A masked man walks in Boston during spring.

Time to Reimagine What Can Be, Not Rebuild What Was

On a sobering anniversary, Barr’s president reflects on lessons from a challenging year and new opportunities as we look to the future.

One year ago this week, my colleagues and I shifted to remote work. As I reflect back on my own feelings at this time last year, I vividly recall two overriding sentiments that characterized those days in March 2020: the uncertainty of what might come next, and the fear about this deadly virus circulating in our midst. Despite the rapidly changing circumstances, we at the Barr Foundation knew we had to anchor ourselves on one driving principle: care and support of both our staff and grantee partners, all of whom were facing unprecedented challenges.

A year later, uncertainty and fear are giving way to clarity and hope: clarity that we will emerge from the COVID-19 pandemic and a sense of hope about the future that lies ahead. Today, a new idea has become central for us: as we physically return to our places of work, we must heed the lessons of the past year to reimagine this work, not to rebuild what was.

In a year that has resulted in enormous loss of life—with over 2.6 million global deaths from COVID-19—it is plainly evident to us that there can and should be no return to the way things were pre-pandemic. To confront structural racism, massive wealth inequality, power imbalances, and other obstacles to the equitable world we aspire to, we must understand our role, as a philanthropic institution, in how we got here. And, we must reimagine that role to move forward.

In response to the challenges of 2020, we shifted how we operate. We sought to more explicitly center the needs of our partners and make tangible Barr’s expanded commitment to racial equity. Today, I highlight four ways we are committed to building upon what we learned and the potential it has to make us a better partner. We hope others will share their lessons too:

We will continue grantmaking practices that enable us to respond flexibly and quickly to the needs of our partners.

As many funders have done during COVID-19, we offered flexibility to our partners in various ways to ensure they could direct resources to the highest needs as they saw them. We reoriented reporting to us in ways that minimize workload for our partners. Knowing the value of multi-year, general operating support, we converted many existing grants accordingly to support our partners during the pandemic. Many of these practices were put in place in response to COVID-19, but we intend to continue those changes that have served our grantees best.

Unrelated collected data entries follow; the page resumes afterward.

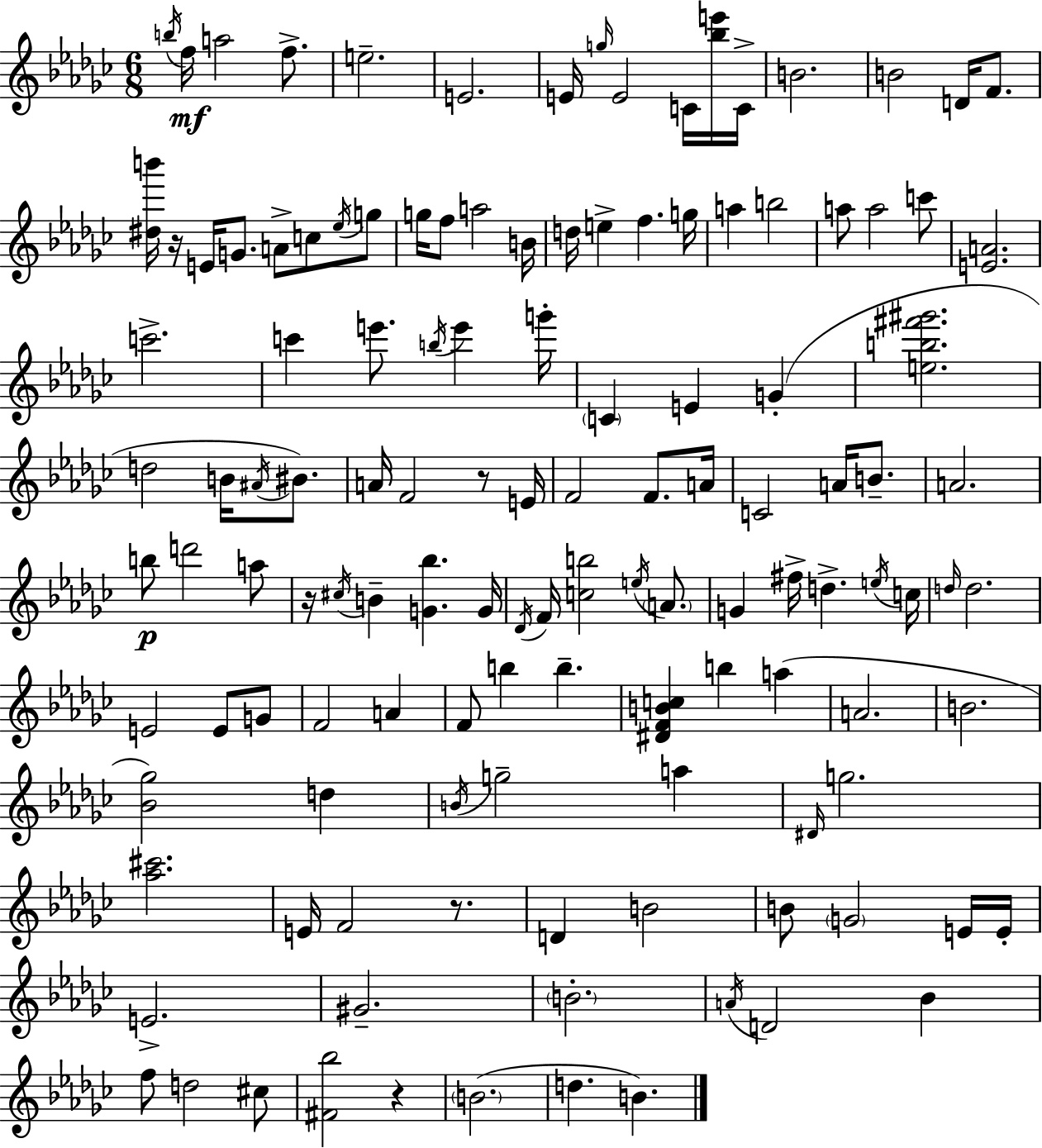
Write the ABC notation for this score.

X:1
T:Untitled
M:6/8
L:1/4
K:Ebm
b/4 f/4 a2 f/2 e2 E2 E/4 g/4 E2 C/4 [_be']/4 C/4 B2 B2 D/4 F/2 [^db']/4 z/4 E/4 G/2 A/2 c/2 _e/4 g/2 g/4 f/2 a2 B/4 d/4 e f g/4 a b2 a/2 a2 c'/2 [EA]2 c'2 c' e'/2 b/4 e' g'/4 C E G [eb^f'^g']2 d2 B/4 ^A/4 ^B/2 A/4 F2 z/2 E/4 F2 F/2 A/4 C2 A/4 B/2 A2 b/2 d'2 a/2 z/4 ^c/4 B [G_b] G/4 _D/4 F/4 [cb]2 e/4 A/2 G ^f/4 d e/4 c/4 d/4 d2 E2 E/2 G/2 F2 A F/2 b b [^DFBc] b a A2 B2 [_B_g]2 d B/4 g2 a ^D/4 g2 [_a^c']2 E/4 F2 z/2 D B2 B/2 G2 E/4 E/4 E2 ^G2 B2 A/4 D2 _B f/2 d2 ^c/2 [^F_b]2 z B2 d B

We will prioritize trust and relationships over transactions and oversight.

Many of the shifts in practice we instituted this year invited us to relinquish control. This desire for control is so often at the heart of many of our policies and procedures as funders. While we want to believe that we had built productive and strong relationships with our grantees, this year encouraged us to test that, by trusting more, and by investing in leaders who understood the shifting needs and emerging demands of their communities in ways we could not. This was a year where building on relationships we had cultivated over time really mattered, and that only underscores these relational aspects of our work which must remain paramount.

We will center our work on racial equity.

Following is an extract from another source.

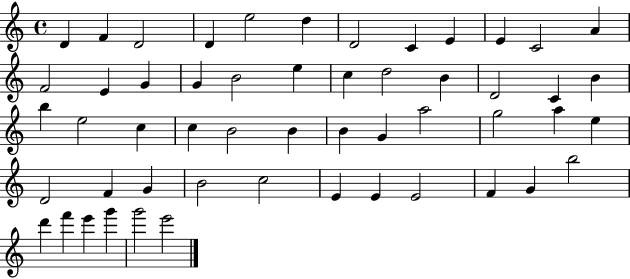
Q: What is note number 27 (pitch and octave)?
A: C5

Each of our program teams has spent significant time engaging with grantees and other partners to deepen their understanding of racial equity in their fields and the implications for our programs, specifically what we fund, who we fund, and how we fund. You will be hearing more in the coming months about what this means for our programs and Barr overall. We will also continue the necessary work of examining our own culture and practices as we explore more deeply what it means to be an anti-racist organization.

We will collaborate with other funders to align efforts and minimize the administrative burdens we create for nonprofits.

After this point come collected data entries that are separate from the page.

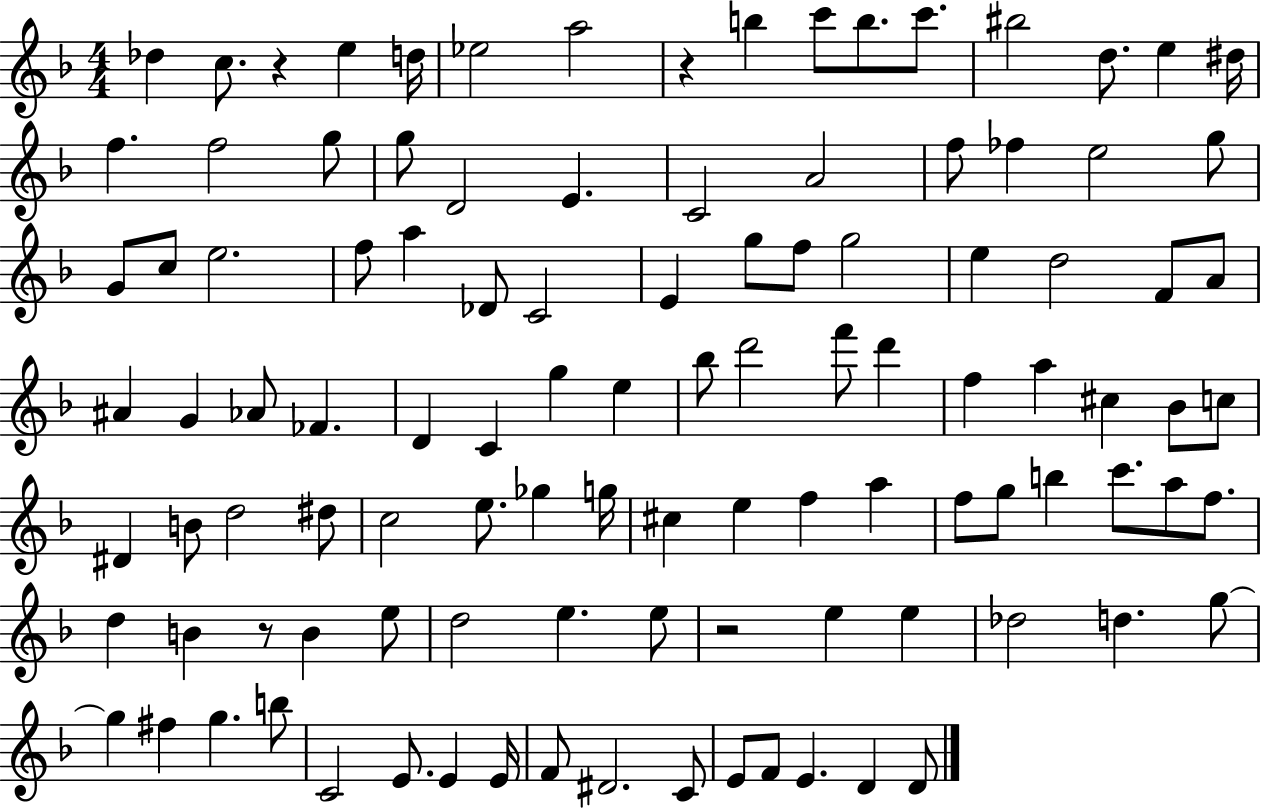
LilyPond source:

{
  \clef treble
  \numericTimeSignature
  \time 4/4
  \key f \major
  des''4 c''8. r4 e''4 d''16 | ees''2 a''2 | r4 b''4 c'''8 b''8. c'''8. | bis''2 d''8. e''4 dis''16 | \break f''4. f''2 g''8 | g''8 d'2 e'4. | c'2 a'2 | f''8 fes''4 e''2 g''8 | \break g'8 c''8 e''2. | f''8 a''4 des'8 c'2 | e'4 g''8 f''8 g''2 | e''4 d''2 f'8 a'8 | \break ais'4 g'4 aes'8 fes'4. | d'4 c'4 g''4 e''4 | bes''8 d'''2 f'''8 d'''4 | f''4 a''4 cis''4 bes'8 c''8 | \break dis'4 b'8 d''2 dis''8 | c''2 e''8. ges''4 g''16 | cis''4 e''4 f''4 a''4 | f''8 g''8 b''4 c'''8. a''8 f''8. | \break d''4 b'4 r8 b'4 e''8 | d''2 e''4. e''8 | r2 e''4 e''4 | des''2 d''4. g''8~~ | \break g''4 fis''4 g''4. b''8 | c'2 e'8. e'4 e'16 | f'8 dis'2. c'8 | e'8 f'8 e'4. d'4 d'8 | \break \bar "|."
}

The value of doing so was most evident in the grantmaking efforts Barr undertook to respond to emergency needs created by COVID-19. As grantees mobilized to support their communities, numerous relief funds were launched, and funders sought to coordinate efforts to avoid duplication. Funders met with increasing frequency to share information, and many of us collaborated on grants in ways we had never done before. While this facilitated our own work, we also realized that there were many benefits for our partners: shared applications, unified reporting, and faster decision-making. Indeed, in some of this work funders went to grantees and asked them what they needed without waiting for them to come to us for support. There is every reason to continue this approach.

These are just a few of the lessons we will carry forward, acknowledging we are a work in progress with much more to learn. To that end, we are committed to listening to our partners, to understanding their needs, and to being open to change, where new ways of working will serve them better.

We are committed to listening to our partners, to understanding their needs, and to being open to change, where new ways of working will serve them better.

On this sobering anniversary of events that set in motion an unprecedented year, what has most heartened and bolstered me has been the tireless and persistent dedication of our partners. We have watched organizations pivot and adapt. We have witnessed new alliances and coalitions emerge. We have been inspired by the tenacity and clear-eyed commitment of so many leaders. Their work has been a lifeline to communities hit hard by the pandemic.

I also know from my own conversations with many of these leaders just how tired and overwhelmed they have been, feeling that their only choice was to lean in, to do more, and to rise to new obligations. If nothing else, we as funders owe it to them to interrogate how we can be better partners, emerging from this experience more attuned to their needs, more invested in their success, and more prepared to relinquish control and share power.

This is how we will best honor the sacrifices so many have made to ensure our communities could see their way through all of the fear and uncertainty to today, as hope springs anew.